Can’t believe I have been going to NYC at least once a year for a very long time and have never gone to the Chelsea Market.
It’s foodie heaven. A yummy urban food court. I loved it!
Located at Ninth Avenue between 15 and 16th Streets, it isn’t in the part of town I mostly hang out in. I used to go over to Chelsea when Barney’s was located there to see the windows designed by Simon Doonan, but when they gave up their 17th Street location, that part of town lost its appeal.
That’s changed. I am finding myself drawn to the Meatpacking District, the High Line and the interesting galleries and restaurants popping up in this area. And now, the Chelsea Market with its chic industrial ambiance is on my must visit list.
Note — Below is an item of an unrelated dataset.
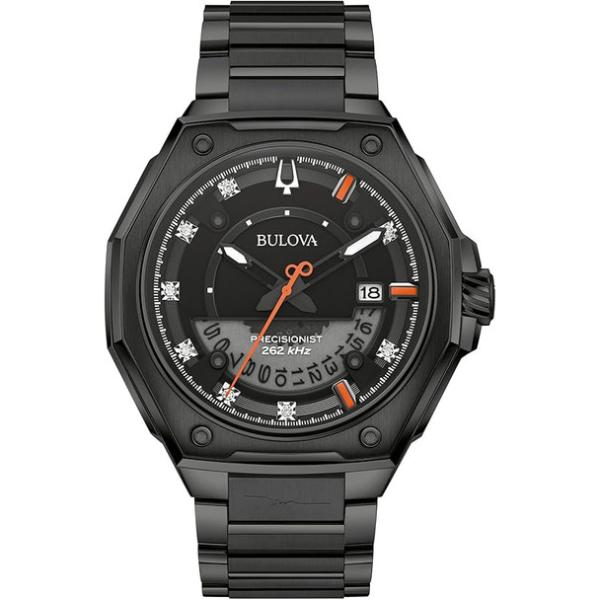 98D183 48 mm Marc Anthony Series Black Series X Round Mens Watch, Black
The market is located in an old Nabisco Factory—back when it was called National Biscuit Company in the 1890s. The original Oreo Cookie was produced here. Appropriately it was reinvented about a dozen years ago as a shopping mall for foodies.
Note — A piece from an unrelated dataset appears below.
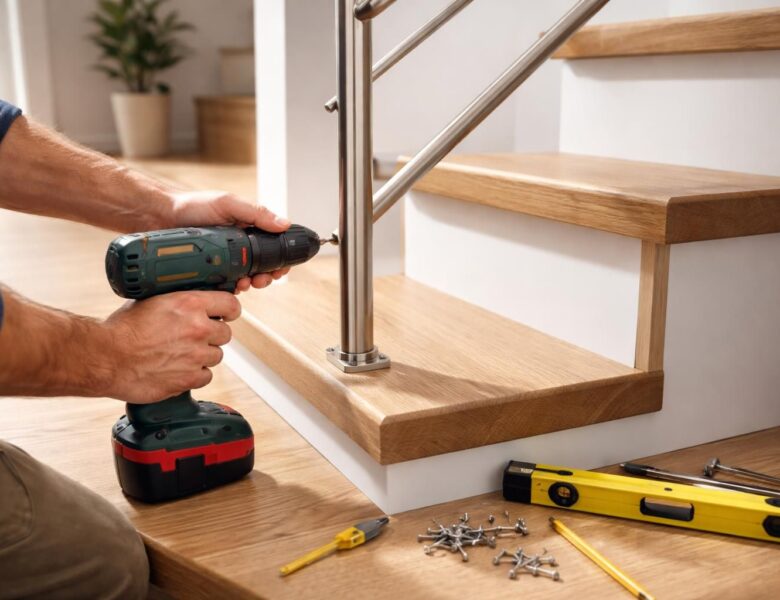 Guide pour adapter un escalier existant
The upper floors house many well-known companies including the Food Network.
While I enjoyed the original plank floors, the raw brick cavernous hallway, exposed duct work, industrial waterfall and the many interesting vendors, what struck me most were the smells. Hmmmmmm. Absolute Heaven.
Several bakeries are situated here, creating the most enticing aromas. I found myself drawn down the long tunnel of a hallway lined with shops to find the source. The smells are so good, you can almost taste them. This is enhanced by the fact that the baking goes on right in front of you. You want to press your nose to the glass to watch the bakers churning out fresh breads and pastries with artistic precision.
Other shops included purveyors of wine, Asian and Italian groceries, lobster, fresh fish, organic milk, gift baskets, jams, relishes, and marmalades. Look for chocolates, coffees, cupcakes, gelato, brownies—you name it and you’ll find it here.
Not only is the building “recycled” from an earlier use but I got a real kick out of the holiday decorations. A tree was fashioned out of broken cd’s—sparkling and shining in reflected blue lights. The splashy big balls of light highlighting the center hall way are fashioned out of plastic cups—I assume they are recycled. Clever and creative.
Very dramatic are the huge arches made up of hundreds of strands of lights, accentuating the architecture of this cave like market place.
Expect to find a few non-food shops selling books, kitchen gadgets and textiles from Morocco.
WE enjoyed a live performance of actors on stilts and a colorfully costumed Marching Band of sorts. I imagine this is a destination for all kinds of street theater.
On our next visit I plan to buy yummy goodies for a picnic and take them up to the High Line, snag one of those wooden lounge chairs and enjoy the view of the Hudson. Great way to feel young and alive.